Mais s’agit-il là d’une vengeance de Corbet contre les chrétiens, même contre les goys d’une petite ville de Pennsylvanie qui avaient aidé l’architecte juif à survivre à Buchenwald en battant les nazis pour le héros ? Ou s’agit-il du commentaire subversif de Corbet sur la façon dont l’architecture est devenue un enfer en 1945 ?
> Qui sait ?
Eh bien, je le sais, car un personnage vient sur scène et t’explique littéralement tout avant. As-tu bien compris, ducon?
Ruskin résumait déjà tout le film quand il disait « Nous pouvons vivre sans elle [architecture] et adorer sans elle, mais nous ne pouvons pas nous souvenir sans elle. »
Le film lui-même te résume bien tout ce qu’il faut en tirer en détails, et ce n’est pas la séparation de Laszlo avec sa femme qui donne de l’importance au film, plutôt le contraire, car ça n’a aucune importance durant toute la meilleure première partie du film.
Le profil de Corbet dans le New Yorker était déjà un mauvais présage, l’entraîner dans le Panthéon du cinéma en interprétant The Brutalist comme une allégorie anti-Trump post-électorale donnait autant envie que de voir un spectacle d’humour qui se vante d’être de gauche et “inclusif”. Bon, au moins, ce n’est pas le cas. Je ne crois pas que la gauche aimera les positions politiques du film, mais ce n’est pas non plus très subtil ou bien amené. Griffith disait qu’il fallait amener le public à penser à son insu en oubliant son train-train quotidien, pas en faire un boucan assourdissant.
Je me passe également de mentionner encore le dernier quart d’heure, qui est effarant d’inepties et fait presque oublier les 185 premières minutes. Et aussi de la scène absurde dans laquelle le capitaliste WASP de 57 ans viole l'architecte juif de 51 ans tout en le traitant de “youpin”. Doit-on voir ça comme un analogue à la carrière d’enfant acteur à Hollywood de son auteur et réalisateur?
Est-ce nécessaire désormais, la laideur poussive et de la psychanalyse pour faire un film qui gagne des prix?

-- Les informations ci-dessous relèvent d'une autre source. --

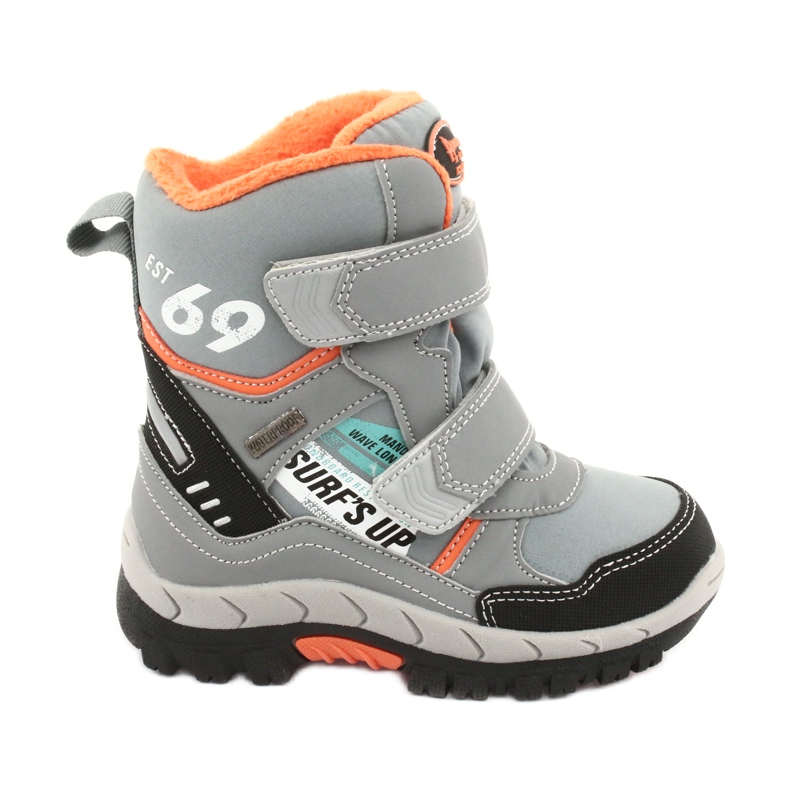 Čizme American Club sa sivom membranom RL34 crno naranča siva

Dans l'ensemble, c'est un bon film qui rehausse la moyenne d'une des pires années en matière de cinéma, mais j'aurais de loin préféré que les conflits entre les personnages soient davantage une question d'esthétique que de « conflits ethniques subtils ». En fin de compte, ce film indique toujours un Hollywood malsain obsédé par la race et l’origine ethnique. Je préfère nettement les “épiques” faits avant cette nouvelle lubie, des “There Will Be Blood”, “JFK”, même Magnolia” (sauf si je le revois). Le film a fondamentalement raison sur ce qui motive le brutalisme, à mon avis. Donc, si c’est déjà quelque chose, ça m’a aidé à comprendre que le brutalisme, c’est un peu souvent de la fumisterie, non?